I had hoped to get back to this project this fall. I really do want to knit this sweater. I suppose however that it is no longer a UFO, as Moisés completely unravelled it from the needles. Once I get the yarn back in order, probably after several hours of work, I can start over. It is the untangling that will slow me down, and trigger my inner procrastinator as well. I am sure that Moisés will think it is his duty to "help". It may have to wait until he is a little older and, hopefully, a little calmer. Right now we have wild manic kitten activity.
I didn't cry. I got right to work moving things out of the path of little kitten claws. The projects aren't sorted, they have just been shoved into the fabric/yarn closet, and I still have to finish that project. I am getting tired of things that just get shoved aside until "later". I had two years of that, and I am trying to deal with a lot of this backlog now as I just can't take it anymore.

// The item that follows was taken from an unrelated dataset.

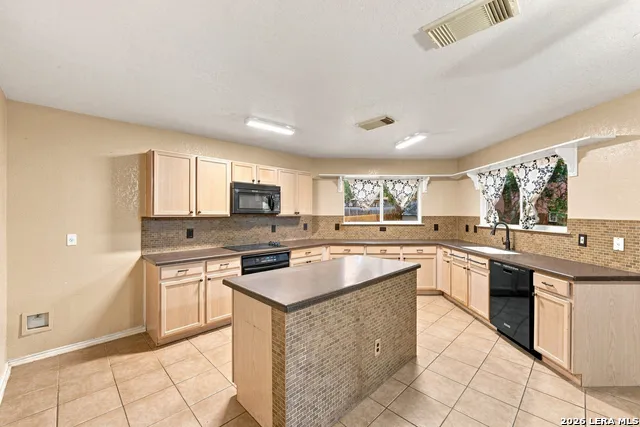 7505 Forest Stream Live Oak, TX 78233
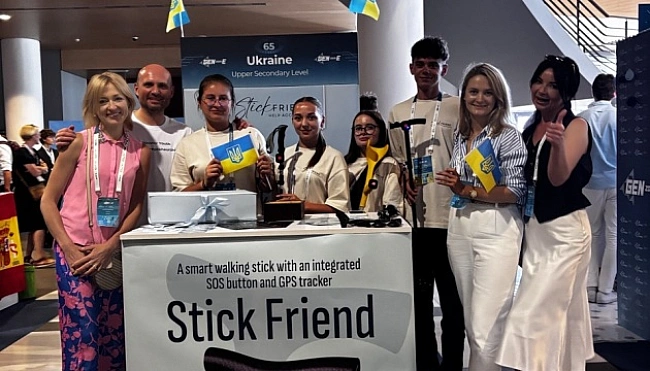 we.ua - На Закарпатті студенти розробили палицю із кнопкою SОS та GРS-трекером, яка допомагає рятувати життя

The yarn incident was enough to make me tackle a bit more of my sewing room. I had many patterns I had purchased in the last two years piled up in stacks along the perimeter of the room, and my old pattern boxes, those little blue cardboard boxes you buy at Joann Fabrics stacked up too. Since Moisés next favorite activity, after stealing yarn, was knocking over piles of patterns, it seemed like it was time to deal with the piles. I have file cabinets to put them in, I just hadn't gotten around to the actual filing. Somehow I always put my stuff off, leaving it to to spend time on more "important" things.
I also had three separate pattern indexes. My oldest patterns are indexed in my old Filofax on onionskin pages where I traced all the pattern line drawings and wrote down the yardage information. This was back before computers. My second index, my favorite, is in two small notebooks that hold A5 paper. But they are full. I would scan in the pattern envelope, print it on the A5 paper and file it in the notebook. I love the size of A5 paper. It is my preferred size for notepads and books and I find it far more portable and easier to use than standard letter-size paper. But my notebooks are the European 4-ring variety. When I do find 4-ring European style binders, they are all for the larger A4 paper. Since I no longer travel to Europe, I have no opportunity to pick up small 4-ring binders that hold A5 paper, and I haven't found a way to economically buy them and ship them to the US.
So I broke down and started using a standard letter-size 3 ring binder. Admittedly it is easier. I can just put the pattern in a sheet protector and file it in the binder: no drawing, scanning, printing etc. Besides, I don't carry the index around with me anymore so I don't need small, portable notebooks. I have almost filled one file drawer. I had to stop because I am out of sheet protectors for the index. My local Staples and Office Depot only have sheet protectors in tiny little packages of 25 which becomes prohibitively expensive, so I ordered a larger box. It should be here by tomorrow.
I rearranged the east side of my sewing room and the new layout works much much better for me. I even have a place for Matilda to stand now, and I can use that corner for photographs on dark days as I have light here. The ironing board used to be along the south wall, under the little shelf below the window. It was a terrible place as the ironing board took up the entire wall between the corner and the cutting table. I had to move the ironing board to get in the file drawers and I didn't really have enough room to manipulate anything to iron it. I will not move the shelf. It is fine where it is. Now, with the iron and the press next to each other I have a nice place to work, and I can even look out the window at the front yard and see anyone who drives up. The south window has no view even though it offers dappled light. It is completely blocked by a large maple tree, whose shade is much appreciated.
The hose for the water bottle that feeds the iron is hanging from the hook that used to be a hanging hammock chair, which was meant to be a place for G to sit. He never uses the chair. I put it in at his request, and I even put it there, in the middle of the room at his request although I had wanted it near one of the corners, where I could work around it. Instead, it was always in the way, and now it is gone.
My sewing room is small and tightly furnished. But it works, and it is working even better as I refine the details. I still need to repaint the window sills. A new cover for the ironing board might be nice too, not necessary, but nice.